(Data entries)

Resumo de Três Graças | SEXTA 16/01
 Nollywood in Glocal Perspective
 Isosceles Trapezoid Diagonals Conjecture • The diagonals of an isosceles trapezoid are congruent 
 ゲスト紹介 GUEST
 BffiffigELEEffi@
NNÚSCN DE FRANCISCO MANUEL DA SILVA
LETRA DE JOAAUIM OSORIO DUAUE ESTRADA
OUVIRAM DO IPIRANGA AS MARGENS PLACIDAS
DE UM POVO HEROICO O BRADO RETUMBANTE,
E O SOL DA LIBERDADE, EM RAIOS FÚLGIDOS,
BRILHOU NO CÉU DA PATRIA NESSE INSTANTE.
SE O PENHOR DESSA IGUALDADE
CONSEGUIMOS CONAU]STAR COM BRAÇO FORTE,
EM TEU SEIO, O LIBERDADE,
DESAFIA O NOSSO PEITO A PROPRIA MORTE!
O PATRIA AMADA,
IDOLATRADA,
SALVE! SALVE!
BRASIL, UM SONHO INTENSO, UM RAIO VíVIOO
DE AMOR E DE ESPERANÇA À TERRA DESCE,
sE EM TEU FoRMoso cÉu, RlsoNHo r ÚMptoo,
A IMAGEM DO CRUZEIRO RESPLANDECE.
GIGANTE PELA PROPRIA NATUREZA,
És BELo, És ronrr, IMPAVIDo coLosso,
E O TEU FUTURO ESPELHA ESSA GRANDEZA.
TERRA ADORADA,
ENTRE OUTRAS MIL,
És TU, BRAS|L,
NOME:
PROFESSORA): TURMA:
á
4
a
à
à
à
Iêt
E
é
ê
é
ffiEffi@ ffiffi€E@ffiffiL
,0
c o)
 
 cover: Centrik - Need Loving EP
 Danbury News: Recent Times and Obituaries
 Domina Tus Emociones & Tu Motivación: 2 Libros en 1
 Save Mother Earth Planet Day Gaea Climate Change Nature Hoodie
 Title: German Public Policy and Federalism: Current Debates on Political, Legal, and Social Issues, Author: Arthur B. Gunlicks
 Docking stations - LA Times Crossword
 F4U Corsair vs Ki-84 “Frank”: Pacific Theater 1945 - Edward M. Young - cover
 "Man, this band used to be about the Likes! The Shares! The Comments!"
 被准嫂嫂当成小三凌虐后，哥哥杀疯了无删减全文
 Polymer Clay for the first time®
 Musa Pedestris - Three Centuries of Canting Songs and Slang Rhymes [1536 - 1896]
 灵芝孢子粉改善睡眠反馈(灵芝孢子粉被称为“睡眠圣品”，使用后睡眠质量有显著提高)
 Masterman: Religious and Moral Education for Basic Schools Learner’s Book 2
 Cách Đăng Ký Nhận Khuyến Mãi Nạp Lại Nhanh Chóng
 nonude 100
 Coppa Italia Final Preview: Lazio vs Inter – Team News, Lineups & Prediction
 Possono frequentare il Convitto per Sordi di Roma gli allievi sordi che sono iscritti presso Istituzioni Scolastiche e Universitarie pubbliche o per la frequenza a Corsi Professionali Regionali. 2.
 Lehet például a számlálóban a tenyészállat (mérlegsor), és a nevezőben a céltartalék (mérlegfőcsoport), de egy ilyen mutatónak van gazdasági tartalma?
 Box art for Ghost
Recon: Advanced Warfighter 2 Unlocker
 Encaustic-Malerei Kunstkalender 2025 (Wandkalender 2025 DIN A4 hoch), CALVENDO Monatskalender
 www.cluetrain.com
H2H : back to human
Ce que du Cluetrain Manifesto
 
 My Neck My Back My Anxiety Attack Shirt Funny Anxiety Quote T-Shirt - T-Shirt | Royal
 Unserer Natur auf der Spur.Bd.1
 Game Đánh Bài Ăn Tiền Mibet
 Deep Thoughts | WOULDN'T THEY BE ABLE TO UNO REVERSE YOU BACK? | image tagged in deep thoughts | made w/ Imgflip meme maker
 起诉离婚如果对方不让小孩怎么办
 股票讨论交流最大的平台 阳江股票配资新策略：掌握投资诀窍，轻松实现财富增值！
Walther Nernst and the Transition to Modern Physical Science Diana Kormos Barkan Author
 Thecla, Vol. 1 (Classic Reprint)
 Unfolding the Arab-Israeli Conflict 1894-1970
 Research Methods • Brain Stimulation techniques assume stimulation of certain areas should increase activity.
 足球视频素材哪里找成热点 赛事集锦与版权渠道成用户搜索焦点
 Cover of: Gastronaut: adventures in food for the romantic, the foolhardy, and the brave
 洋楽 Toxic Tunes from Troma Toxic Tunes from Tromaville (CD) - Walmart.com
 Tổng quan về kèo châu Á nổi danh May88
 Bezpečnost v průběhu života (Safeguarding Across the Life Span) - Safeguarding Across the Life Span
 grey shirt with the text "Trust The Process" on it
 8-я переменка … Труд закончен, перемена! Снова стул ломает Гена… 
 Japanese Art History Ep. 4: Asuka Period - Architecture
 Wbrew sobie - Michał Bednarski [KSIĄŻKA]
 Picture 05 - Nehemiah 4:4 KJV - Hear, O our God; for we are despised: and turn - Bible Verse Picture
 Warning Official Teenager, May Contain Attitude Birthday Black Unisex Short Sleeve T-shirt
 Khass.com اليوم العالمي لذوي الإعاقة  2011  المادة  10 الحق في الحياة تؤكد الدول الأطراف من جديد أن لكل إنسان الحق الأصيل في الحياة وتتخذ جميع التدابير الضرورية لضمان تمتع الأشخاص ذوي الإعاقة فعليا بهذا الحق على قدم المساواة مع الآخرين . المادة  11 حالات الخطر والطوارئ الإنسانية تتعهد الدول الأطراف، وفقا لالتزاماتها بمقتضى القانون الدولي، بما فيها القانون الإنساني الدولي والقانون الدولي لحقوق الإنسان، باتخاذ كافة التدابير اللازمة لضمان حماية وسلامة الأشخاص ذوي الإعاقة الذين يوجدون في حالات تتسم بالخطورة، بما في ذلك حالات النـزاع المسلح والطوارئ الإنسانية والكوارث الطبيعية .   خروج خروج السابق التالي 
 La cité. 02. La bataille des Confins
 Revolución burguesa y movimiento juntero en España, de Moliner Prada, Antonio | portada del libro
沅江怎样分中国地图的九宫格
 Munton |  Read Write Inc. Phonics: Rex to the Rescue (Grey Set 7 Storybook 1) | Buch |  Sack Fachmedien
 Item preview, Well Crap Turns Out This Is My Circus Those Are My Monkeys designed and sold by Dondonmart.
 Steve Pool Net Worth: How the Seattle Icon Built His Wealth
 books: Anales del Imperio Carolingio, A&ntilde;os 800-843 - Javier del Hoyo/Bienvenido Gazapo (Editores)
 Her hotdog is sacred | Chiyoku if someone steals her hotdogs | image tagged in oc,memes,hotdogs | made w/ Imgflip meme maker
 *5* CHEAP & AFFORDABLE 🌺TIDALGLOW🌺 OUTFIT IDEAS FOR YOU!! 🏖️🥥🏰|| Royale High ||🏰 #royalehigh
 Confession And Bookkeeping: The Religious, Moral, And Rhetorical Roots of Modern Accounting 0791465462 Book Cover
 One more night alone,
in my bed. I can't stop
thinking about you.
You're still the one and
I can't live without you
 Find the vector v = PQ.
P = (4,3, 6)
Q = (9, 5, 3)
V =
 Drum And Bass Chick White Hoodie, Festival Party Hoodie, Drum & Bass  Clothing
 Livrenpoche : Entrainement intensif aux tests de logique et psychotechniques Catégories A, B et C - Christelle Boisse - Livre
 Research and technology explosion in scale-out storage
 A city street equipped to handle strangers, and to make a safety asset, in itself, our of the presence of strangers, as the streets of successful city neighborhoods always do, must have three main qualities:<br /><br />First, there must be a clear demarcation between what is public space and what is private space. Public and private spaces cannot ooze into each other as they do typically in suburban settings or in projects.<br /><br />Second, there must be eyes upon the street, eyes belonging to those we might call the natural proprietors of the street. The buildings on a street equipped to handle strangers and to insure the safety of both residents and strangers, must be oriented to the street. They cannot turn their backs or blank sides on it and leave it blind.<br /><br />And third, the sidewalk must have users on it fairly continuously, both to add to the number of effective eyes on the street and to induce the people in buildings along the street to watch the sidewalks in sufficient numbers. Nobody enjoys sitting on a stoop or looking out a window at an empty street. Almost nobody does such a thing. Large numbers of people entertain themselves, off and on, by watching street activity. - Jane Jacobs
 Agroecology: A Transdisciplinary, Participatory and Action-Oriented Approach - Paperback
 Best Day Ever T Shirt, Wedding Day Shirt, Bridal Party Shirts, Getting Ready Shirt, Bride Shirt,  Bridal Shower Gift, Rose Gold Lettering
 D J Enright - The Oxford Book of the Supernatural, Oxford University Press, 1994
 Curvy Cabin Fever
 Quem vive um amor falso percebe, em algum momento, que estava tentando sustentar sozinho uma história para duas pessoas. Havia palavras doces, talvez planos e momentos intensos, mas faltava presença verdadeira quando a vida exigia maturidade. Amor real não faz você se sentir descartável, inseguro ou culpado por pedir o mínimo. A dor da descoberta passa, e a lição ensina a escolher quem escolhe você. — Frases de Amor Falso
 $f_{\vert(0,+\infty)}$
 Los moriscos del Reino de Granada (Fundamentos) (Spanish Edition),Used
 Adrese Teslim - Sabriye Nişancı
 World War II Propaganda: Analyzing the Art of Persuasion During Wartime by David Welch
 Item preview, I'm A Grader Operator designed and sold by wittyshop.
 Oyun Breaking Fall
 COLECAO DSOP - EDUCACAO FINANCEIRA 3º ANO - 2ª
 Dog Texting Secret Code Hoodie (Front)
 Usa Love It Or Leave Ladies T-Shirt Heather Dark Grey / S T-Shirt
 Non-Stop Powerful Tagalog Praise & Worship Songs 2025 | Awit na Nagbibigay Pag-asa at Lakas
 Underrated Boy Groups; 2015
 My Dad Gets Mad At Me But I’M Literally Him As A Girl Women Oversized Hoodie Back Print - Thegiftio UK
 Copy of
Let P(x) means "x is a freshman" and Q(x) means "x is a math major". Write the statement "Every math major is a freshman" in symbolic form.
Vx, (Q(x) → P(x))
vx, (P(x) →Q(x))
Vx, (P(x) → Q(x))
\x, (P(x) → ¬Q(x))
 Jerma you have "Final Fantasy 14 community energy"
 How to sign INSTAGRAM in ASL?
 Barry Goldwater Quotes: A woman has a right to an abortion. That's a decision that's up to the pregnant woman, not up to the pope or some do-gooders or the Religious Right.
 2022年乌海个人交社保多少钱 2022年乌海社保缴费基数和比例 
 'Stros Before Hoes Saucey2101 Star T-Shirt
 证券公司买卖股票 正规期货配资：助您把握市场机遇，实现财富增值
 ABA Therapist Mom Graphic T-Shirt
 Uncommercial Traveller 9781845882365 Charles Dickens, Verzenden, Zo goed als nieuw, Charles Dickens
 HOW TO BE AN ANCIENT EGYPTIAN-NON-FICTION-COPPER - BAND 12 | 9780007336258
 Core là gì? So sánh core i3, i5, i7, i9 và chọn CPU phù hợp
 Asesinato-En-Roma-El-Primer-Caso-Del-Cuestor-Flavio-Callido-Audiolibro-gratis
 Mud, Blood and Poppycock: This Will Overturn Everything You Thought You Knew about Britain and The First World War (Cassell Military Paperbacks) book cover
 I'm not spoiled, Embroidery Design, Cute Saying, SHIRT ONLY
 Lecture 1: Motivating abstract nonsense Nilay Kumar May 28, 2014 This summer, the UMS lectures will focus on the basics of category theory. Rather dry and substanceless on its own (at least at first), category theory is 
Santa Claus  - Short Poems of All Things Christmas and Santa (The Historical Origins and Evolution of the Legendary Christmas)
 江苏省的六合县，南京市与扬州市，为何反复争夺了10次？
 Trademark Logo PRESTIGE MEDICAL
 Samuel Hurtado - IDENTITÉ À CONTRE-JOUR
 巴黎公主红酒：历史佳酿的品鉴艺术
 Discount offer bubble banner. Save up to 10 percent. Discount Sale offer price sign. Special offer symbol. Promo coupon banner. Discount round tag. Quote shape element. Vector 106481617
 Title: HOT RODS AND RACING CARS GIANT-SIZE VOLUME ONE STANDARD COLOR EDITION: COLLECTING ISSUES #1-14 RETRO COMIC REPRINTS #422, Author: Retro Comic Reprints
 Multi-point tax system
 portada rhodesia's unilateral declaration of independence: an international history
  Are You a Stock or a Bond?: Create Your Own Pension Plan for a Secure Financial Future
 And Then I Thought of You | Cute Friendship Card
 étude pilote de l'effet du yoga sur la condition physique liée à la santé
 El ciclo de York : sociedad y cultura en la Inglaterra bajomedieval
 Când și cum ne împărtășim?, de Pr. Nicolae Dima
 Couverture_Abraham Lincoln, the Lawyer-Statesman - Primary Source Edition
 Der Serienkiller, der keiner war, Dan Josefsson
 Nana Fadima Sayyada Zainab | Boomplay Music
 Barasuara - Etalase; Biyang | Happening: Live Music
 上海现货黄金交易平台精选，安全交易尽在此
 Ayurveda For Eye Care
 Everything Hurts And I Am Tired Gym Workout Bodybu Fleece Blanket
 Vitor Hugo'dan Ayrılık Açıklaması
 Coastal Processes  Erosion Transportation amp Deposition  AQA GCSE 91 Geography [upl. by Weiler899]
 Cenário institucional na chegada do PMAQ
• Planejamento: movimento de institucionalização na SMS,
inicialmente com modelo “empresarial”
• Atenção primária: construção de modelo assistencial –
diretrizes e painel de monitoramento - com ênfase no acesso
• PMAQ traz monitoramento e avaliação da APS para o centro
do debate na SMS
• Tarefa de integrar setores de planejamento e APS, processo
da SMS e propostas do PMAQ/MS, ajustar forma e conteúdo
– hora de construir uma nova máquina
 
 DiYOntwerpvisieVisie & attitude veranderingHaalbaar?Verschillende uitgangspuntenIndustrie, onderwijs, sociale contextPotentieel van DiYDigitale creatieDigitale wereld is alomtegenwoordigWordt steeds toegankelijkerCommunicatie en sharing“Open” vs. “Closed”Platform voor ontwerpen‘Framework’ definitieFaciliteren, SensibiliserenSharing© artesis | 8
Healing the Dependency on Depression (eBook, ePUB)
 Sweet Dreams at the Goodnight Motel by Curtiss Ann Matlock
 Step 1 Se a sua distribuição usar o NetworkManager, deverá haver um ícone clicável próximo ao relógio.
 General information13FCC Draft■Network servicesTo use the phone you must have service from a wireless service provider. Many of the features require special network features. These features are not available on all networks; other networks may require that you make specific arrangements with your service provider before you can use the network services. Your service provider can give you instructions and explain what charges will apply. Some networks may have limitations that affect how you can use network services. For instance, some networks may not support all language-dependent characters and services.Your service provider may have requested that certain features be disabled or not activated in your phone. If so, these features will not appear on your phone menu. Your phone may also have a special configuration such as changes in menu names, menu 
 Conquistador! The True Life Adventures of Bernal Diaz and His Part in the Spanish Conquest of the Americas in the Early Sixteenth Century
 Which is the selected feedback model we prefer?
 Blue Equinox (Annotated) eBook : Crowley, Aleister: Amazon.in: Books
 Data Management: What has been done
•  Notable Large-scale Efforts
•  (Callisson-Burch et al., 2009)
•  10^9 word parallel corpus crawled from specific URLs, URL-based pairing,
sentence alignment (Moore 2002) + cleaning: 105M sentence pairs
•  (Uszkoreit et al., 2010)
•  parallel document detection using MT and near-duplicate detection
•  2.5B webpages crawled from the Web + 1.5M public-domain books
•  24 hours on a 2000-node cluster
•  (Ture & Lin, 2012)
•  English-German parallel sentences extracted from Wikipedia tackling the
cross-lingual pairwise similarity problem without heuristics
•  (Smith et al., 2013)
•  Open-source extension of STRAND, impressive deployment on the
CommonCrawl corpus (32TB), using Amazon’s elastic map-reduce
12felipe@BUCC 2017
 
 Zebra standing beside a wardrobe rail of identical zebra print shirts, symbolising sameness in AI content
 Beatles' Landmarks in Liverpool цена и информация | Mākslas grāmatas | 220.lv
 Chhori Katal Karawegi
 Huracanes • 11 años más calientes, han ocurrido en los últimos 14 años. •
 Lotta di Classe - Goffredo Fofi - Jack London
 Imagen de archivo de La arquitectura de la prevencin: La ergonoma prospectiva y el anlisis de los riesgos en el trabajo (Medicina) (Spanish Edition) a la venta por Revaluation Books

**Task prompt:** Retype exactly, and only, the lines above from the one where "diretrizes e painel" occurs up to and including the one where "Step 1 Se a" occurs.

**Output of the exercise:**
diretrizes e painel de monitoramento - com ênfase no acesso
• PMAQ traz monitoramento e avaliação da APS para o centro
do debate na SMS
• Tarefa de integrar setores de planejamento e APS, processo
da SMS e propostas do PMAQ/MS, ajustar forma e conteúdo
– hora de construir uma nova máquina
 
 DiYOntwerpvisieVisie & attitude veranderingHaalbaar?Verschillende uitgangspuntenIndustrie, onderwijs, sociale contextPotentieel van DiYDigitale creatieDigitale wereld is alomtegenwoordigWordt steeds toegankelijkerCommunicatie en sharing“Open” vs. “Closed”Platform voor ontwerpen‘Framework’ definitieFaciliteren, SensibiliserenSharing© artesis | 8
Healing the Dependency on Depression (eBook, ePUB)
 Sweet Dreams at the Goodnight Motel by Curtiss Ann Matlock
 Step 1 Se a sua distribuição usar o NetworkManager, deverá haver um ícone clicável próximo ao relógio.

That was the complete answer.